[Start of Attachment]

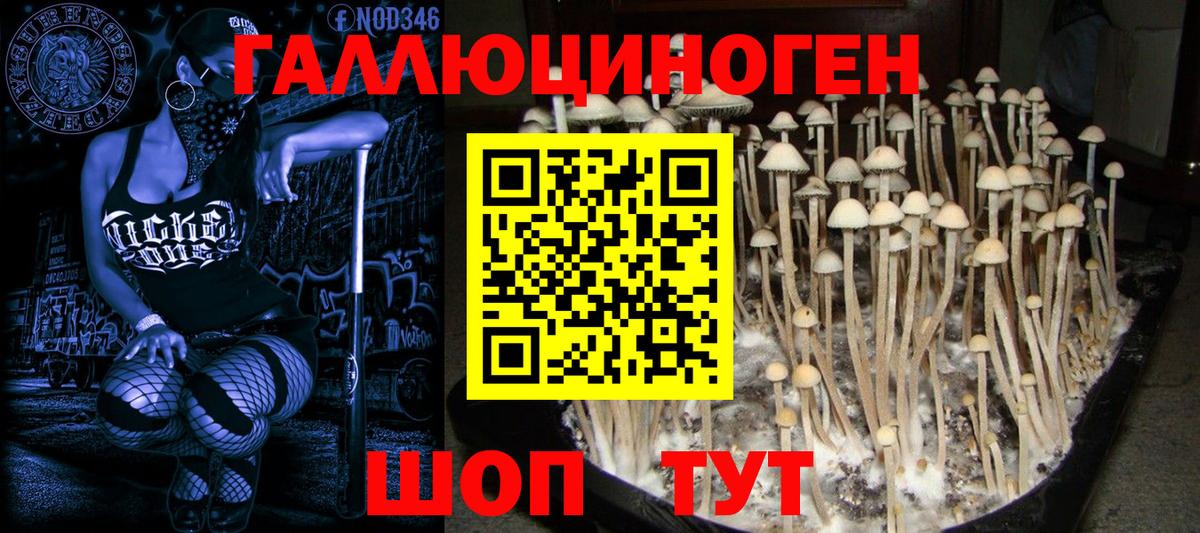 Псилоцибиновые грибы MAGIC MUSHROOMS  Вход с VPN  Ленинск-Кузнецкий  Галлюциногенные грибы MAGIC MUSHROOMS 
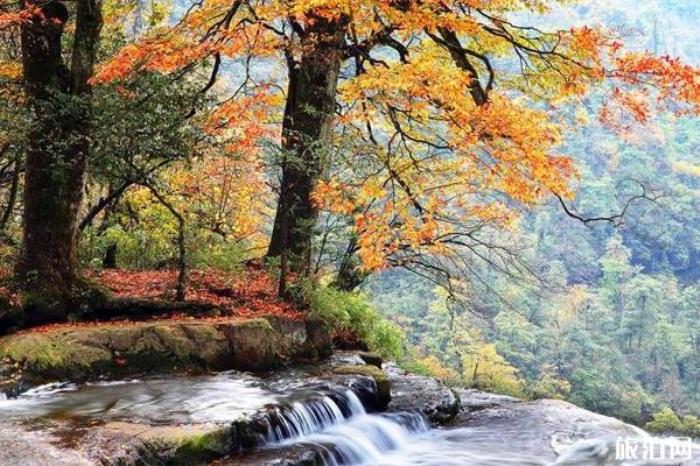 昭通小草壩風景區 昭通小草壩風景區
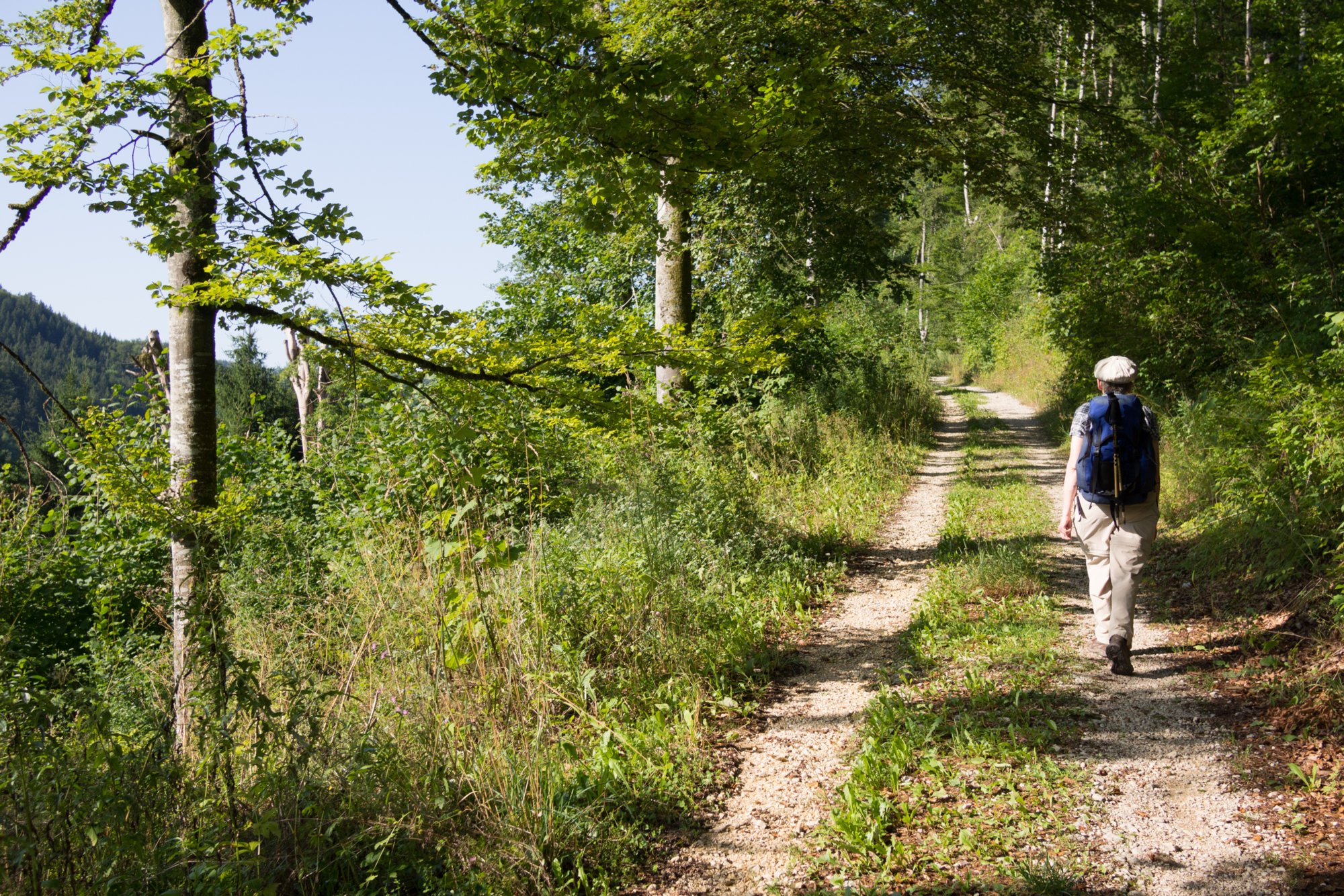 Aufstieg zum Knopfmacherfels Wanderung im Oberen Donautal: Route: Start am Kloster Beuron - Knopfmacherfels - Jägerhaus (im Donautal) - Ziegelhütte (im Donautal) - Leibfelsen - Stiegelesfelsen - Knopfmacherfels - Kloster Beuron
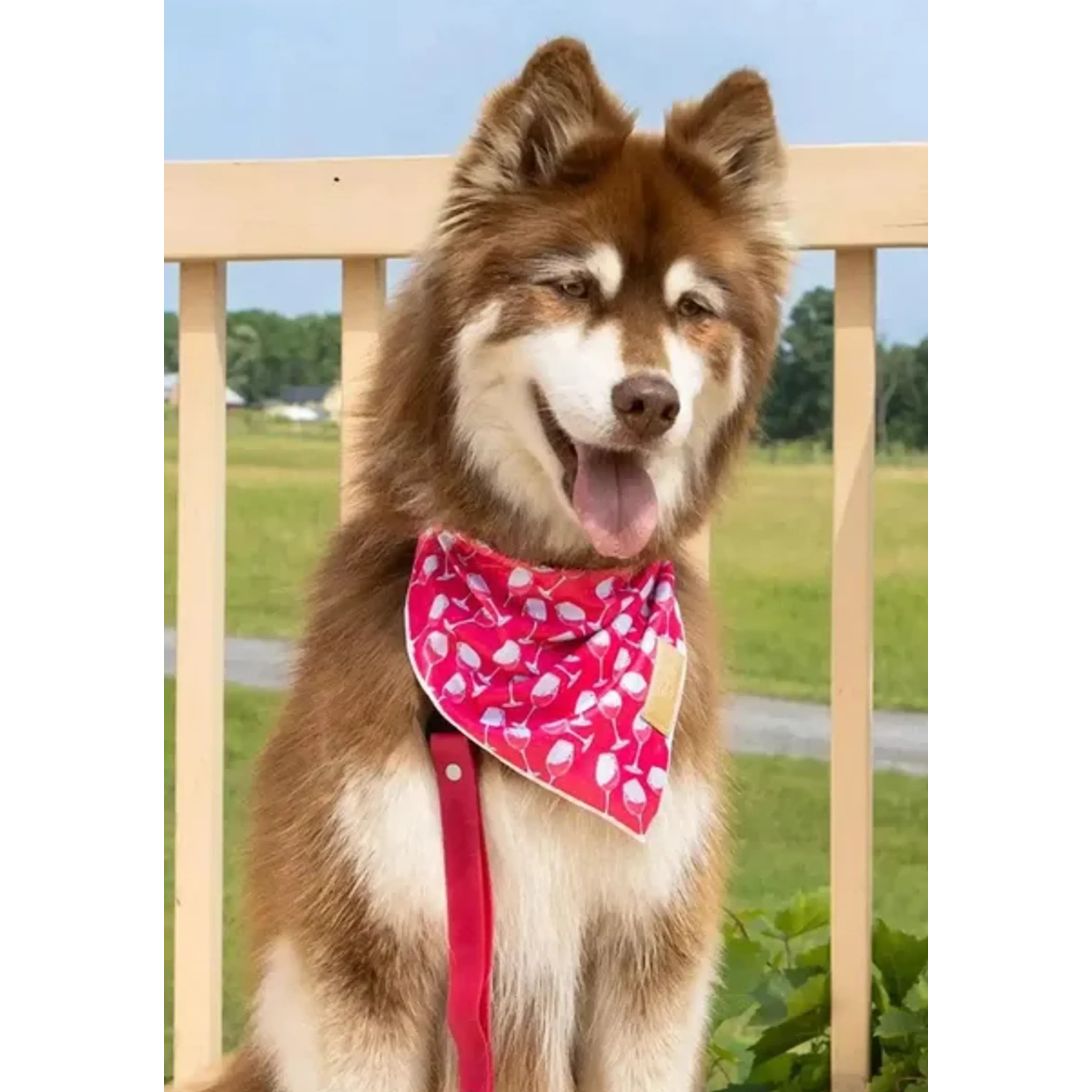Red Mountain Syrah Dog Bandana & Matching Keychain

[End of Attachment]

WORK ITEM: Could the lines above be copied out exactly, with no image carried over?

EXERCISE RESPONSE:
 Псилоцибиновые грибы MAGIC MUSHROOMS  Вход с VPN  Ленинск-Кузнецкий  Галлюциногенные грибы MAGIC MUSHROOMS 
 昭通小草壩風景區 昭通小草壩風景區
 Aufstieg zum Knopfmacherfels Wanderung im Oberen Donautal: Route: Start am Kloster Beuron - Knopfmacherfels - Jägerhaus (im Donautal) - Ziegelhütte (im Donautal) - Leibfelsen - Stiegelesfelsen - Knopfmacherfels - Kloster Beuron
Red Mountain Syrah Dog Bandana & Matching Keychain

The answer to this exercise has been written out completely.